50 Ga. App. 178 | Ga. Ct. App. | 1934

Guerry, J.

1. Ed Weaver, the defendant, was found by officers, with another at a liquor still. According to the evidence, the officers surrounded the still and remained thus stationed some ten minutes before making their presence known. During that time the defendant was seen measuring up liquor by pouring it from a lard can into a jug; and a large gush of smoke came from the still, as if water had been thrown on the fire. When the officers actually raided the still the fire had the appearance of having just been watered; the distillery was warm; the furnace was warm; the slop and still were warm. On discovery the defendant took flight, but was apprehended. Held: More convincing evidence could hardly -have been presented as to the defendant’s guilt. Therefore, this court can not interfere with the verdict rendered. See, in this connection, Lucas v. State, 48 Ga. App. 42 (171 S. E. 850) ; Yonce v. State, 154 Ga. 419 (114 S. E. 325) ; Flint v. State, 29 Ga. App. 222 (114 S. E. 585) ; Smith v. State, 46 Ga. App. 351 (167 S. E. 714) ; Smith v. State, 45 Ga. App. 357 (164 S. E. 479); Haugabrook v. State, 44 Ga. App. 327 (161 S. E. 635).

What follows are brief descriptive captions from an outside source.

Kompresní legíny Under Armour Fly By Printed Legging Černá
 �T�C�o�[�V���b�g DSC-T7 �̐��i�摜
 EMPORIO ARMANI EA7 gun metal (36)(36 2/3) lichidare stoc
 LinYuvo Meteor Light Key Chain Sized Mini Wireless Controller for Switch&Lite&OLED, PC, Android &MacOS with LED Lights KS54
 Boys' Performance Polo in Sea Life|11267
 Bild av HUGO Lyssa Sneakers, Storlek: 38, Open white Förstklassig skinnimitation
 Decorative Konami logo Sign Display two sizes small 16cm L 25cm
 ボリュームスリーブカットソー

2. The charge of the court that “If you find that the defendant manufactured any of these beverages, liquors and drinks set out in the bill of indictment, that he did it himself or in connection with another, if he had any interest in the manufacture of the drinks in anyway whatsoever he would be guilty,” was, in light of the evidence, not erroneous for any reason assigned. See White v. State, 18 Ga. App. 214 (89 S. E. 175).

3. The jury returned a verdict as follows: “We, the jury, find the defendant guilty of a misdemeanor.” The court thereupon ’said: “What do you mean by that? That is not in form. You must find him guilty of manufacturing liquor, or not guilty. If you desire to do so, you can find him guilty of manufacturing, and recommend that he be punished as for a misdemeanor. Is that what you mean?” The jury thereupon, without dispersing or any judgment having been entered on such verdict, returned a verdict of guilty of manufacturing liquor, and recommended that the defendant be punished as for a misdemeanor. Held: The action of the trial judge was not erroneous for any reason assigned. The verdict finding the defendant guilty of a misdemeanor (the indictment charging a felony) was a nullity (Wells v. State, 116 Ga. 87, 42 S. E. 390; Davis v. State, 37 Ga. App. 144, 139 S. E. 100; Smith v. State, 117 Ga. 16, 43 S. E. 440), and, the jury not having dispersed so as to bring the trial to an end, and render them functus officio (Smith v. State, 59 Ga. 513), and no judgment having been entered thereon, it was within the power of the court to require the jury to retire and render a lawful verdict (that is, one that would express their real finding), not intimating what their verdict should be. See, in this connection, Turbaville v. State, 58 Ga. 545; Mangham v. State, 87 Ga. 549 (13 S. E. 558) ; Register v. State, 10 Ga. App. 623-35 (74 S. E. 429) ; Smith v. Pilcher, 130 Ga. 350 (60 S. E. 1000).

*179Decided November 23, 1934. R. 8. ,& J. L. Griffith, for plaintiff in error: 8. W. Ragsdale, solicitor-general, contra.

4. The court did not err in overruling the motion for a new trial.

Judgment affirmed.

Broyles, G. J., and MacIntyre, J., concur.